A further worry is that Dustin's sense of humour might not translate outside Ireland. It is certainly the case that appreciation of Irlande Douze Points is enhanced by being able to understand the lyrics, which will be lost to non-English speakers and also made more difficult by the noisiness of the song and Dustin's tendency to bellow. Which brings us to what is perhaps the most serious obstacle to Dustin's success: he lacks musical skill, and the fact that he's essentially talk-singing, sometimes off-key, may well put off voters.
It seems highly unlikely that Dustin will win Eurovision. His high standing in early polls has dropped since rehearsals began, and the word around the Belgrade Arena is that Ireland will probably clear its semi-final hurdle but then get lost in the crowd.
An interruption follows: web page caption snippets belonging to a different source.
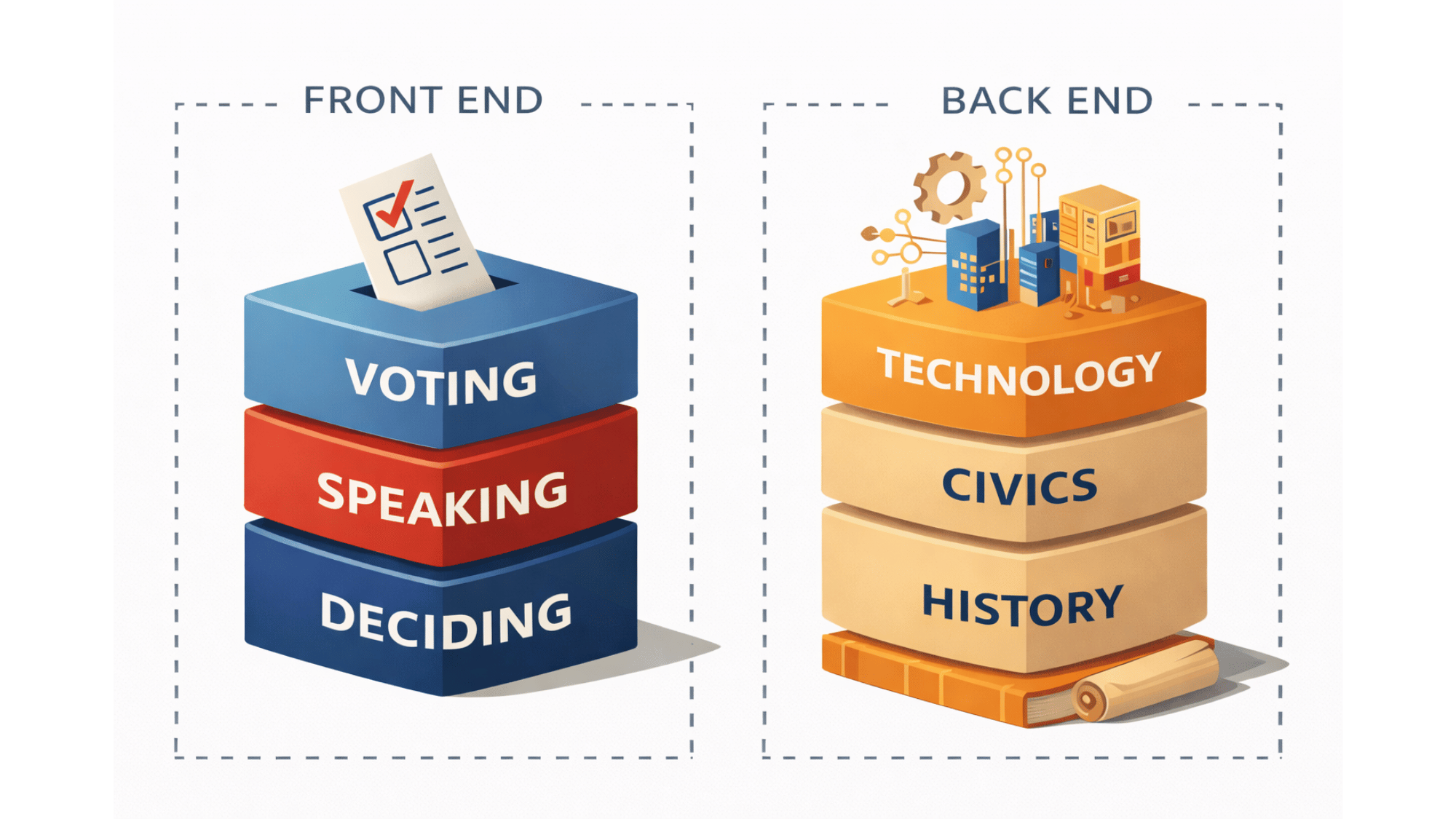 America Needs Full Stack Voters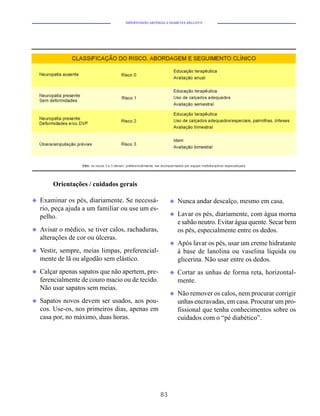 HIPERTENSÃO ARTERIAL E DIABETES MELLITUS




        Orientações / cuidados gerais

u   Examinar os pés, diariamente. Se necessá-             u   Nunca andar descalço, mesmo em casa.
    rio, peça ajuda a um familiar ou use um es-
                                                          u   Lavar os pés, diariamente, com água morna
    pelho.
                                                              e sabão neutro. Evitar água quente. Secar bem
u   Avisar o médico, se tiver calos, rachaduras,              os pés, especialmente entre os dedos.
    alterações de cor ou úlceras.
                                                          u   Após lavar os pés, usar um creme hidratante
u   Vestir, sempre, meias limpas, preferencial-               à base de lanolina ou vaselina líquida ou
    mente de lã ou algodão sem elástico.                      glicerina. Não usar entre os dedos.
u   Calçar apenas sapatos que não apertem, pre-           u   Cortar as unhas de forma reta, horizontal-
    ferencialmente de couro macio ou de tecido.               mente.
    Não usar sapatos sem meias.
                                                          u   Não remover os calos, nem procurar corrigir
u   Sapatos novos devem ser usados, aos pou-                  unhas encravadas, em casa. Procurar um pro-
    cos. Use-os, nos primeiros dias, apenas em                fissional que tenha conhecimentos sobre os
    casa por, no máximo, duas horas.                          cuidados com o “pé diabético”.




                                                     83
But the beauty of Eurovision is that we can never really know how acts will be received until the lights dim and Te Deum plays. The last two winners, Lordi and Marija Serifovic, were dark horses whose acts came alive in their interaction with audiences. And Dustin knows how to work a crowd.
The first Eurovision Song Contest semi-final is on RTÉ2 on Tuesday, 8pm. The second is on RTÉ2 on Thursday, 8pm. The final is on RTÉ1 and BBC1 next Saturday, May 24, 8pm
SPLITTING THE VOTE BREAK-UP OF THE EASTERN BLOC
THIS YEAR'S Eurovision Song Contest will be the first to feature two semi-finals, one on Tuesday (in which Dustin performs) and one on Thursday, with the final on Saturday night as usual. This innovation allows the contest to accommodate an ever-increasing number of participating countries (this year there are a record 43 nations competing). But it is also acknowledged by the European Broadcasting Union (EBU) as an attempt to break up neighbourly block voting.
Following on from EBU research into voting patterns, participating countries were split up into groups that tend to exchange votes. The semi-final draw was organised, as far as possible, to stop members of the same voting groups competing with each other.
Only participating countries are allowed to vote in their own semi-final, along with the UK, Germany, France and Spain, which always qualify outright for the final, and the host country, Serbia (each of these five countries has been given voting rights in one semi-final.) Thus Irish viewers can vote on Tuesday and during the final on Saturday, but not on Thursday.
Another innovation this year is a partial reintroduction of jury voting. Eighteen out of 20 places in the final will be determined by public voting, but each semi-final will have one place reserved for an act chosen by the juries of participating countries. An EBU spokesman says that this is to add another layer of excitement and suspense to the contest, though cynics might suggest it is simply a ploy to ensure that, if the new draw system doesn't break up voting blocks as much as is hoped, at least one western European country will be guaranteed progress from each semi-final.